Rule: ``build_yield_calibration`` in ``workflow/rules/crops.smk``.
Script: ``workflow/scripts/build_yield_calibration.py``.

Seed Reservation
----------------

Per growing cycle, a fraction of harvested mass is reserved as seed for the next planting and never reaches the crop bus. The model deducts this on the production side as a yield haircut:

.. math::

   \text{post-seed yield} = \text{yield} \times \left(1 - \text{seed\_share}\right), \qquad
   \text{seed\_share} = \min\!\left(\frac{\text{seed\_kg\_per\_ha}}{1000 \cdot \text{yield\_t\_per\_ha}},\; 0.5\right).

Sowing rates are looked up per crop in :file:`data/curated/seed_rates.csv` and combined with the per-(country, region, class, water) yield. This makes the seed share country-specific by construction: low-yield countries reserve a larger fraction of the harvest. The deduction is applied uniformly to single-crop and multi-crop links (``workflow/scripts/build_model/crops.py``).

The seed share is **separate** from food-loss-and-waste accounting; FLW only handles supply-chain and consumer-side losses applied at the food bus. Coverage of every configured crop is enforced by ``workflow.validation.seed_rates`` so a missing row triggers a startup error rather than a silent zero.

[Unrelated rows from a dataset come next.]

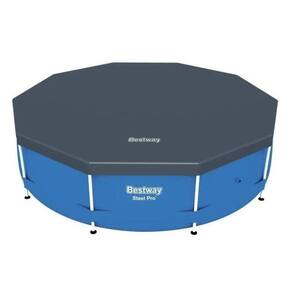 Capa Para Piscina 5.100 Litros Bestway - Diversos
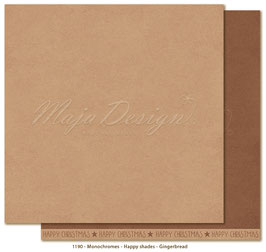 Maja Design Happy Shades - Gingerbread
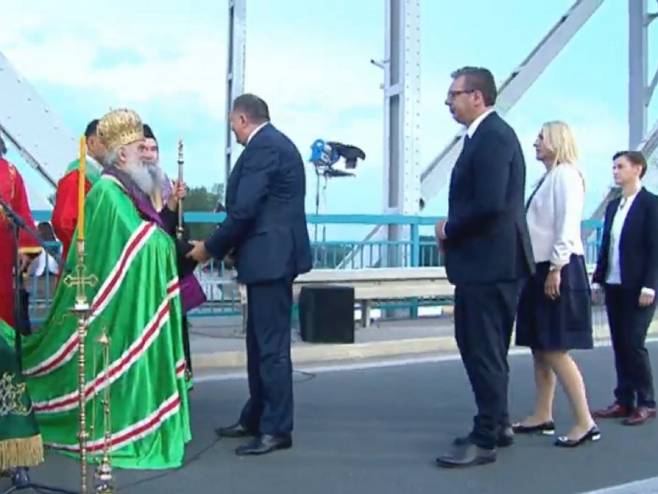 Republika Srpska i Srbija zajedno obilježavaju godišnjicu "Oluje"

Annualisation conventions encoded in the table:

* **Multi-year crops** (alfalfa, sugarcane): the establishment-year sowing rate is divided by typical stand life so that a fixed annual deduction does not over-count seed.
* **Vegetatively propagated crops** (cassava, sweet-potato, banana): zero, because cuttings come from above-ground biomass that FAOSTAT does not book under the Seed element.
* **Perennials** (oil-palm, olive, mango, citrus, coconut, cocoa, coffee, tea): zero, no annual seed reservation.

Sowing rates are drawn from agronomy literature; one row (`biomass-sorghum`) is explicitly marked ``ASSUMED`` because no global review was found at the time of compilation. The full table is reproduced below for spot-checking; each row carries its source description and (where available) a URL.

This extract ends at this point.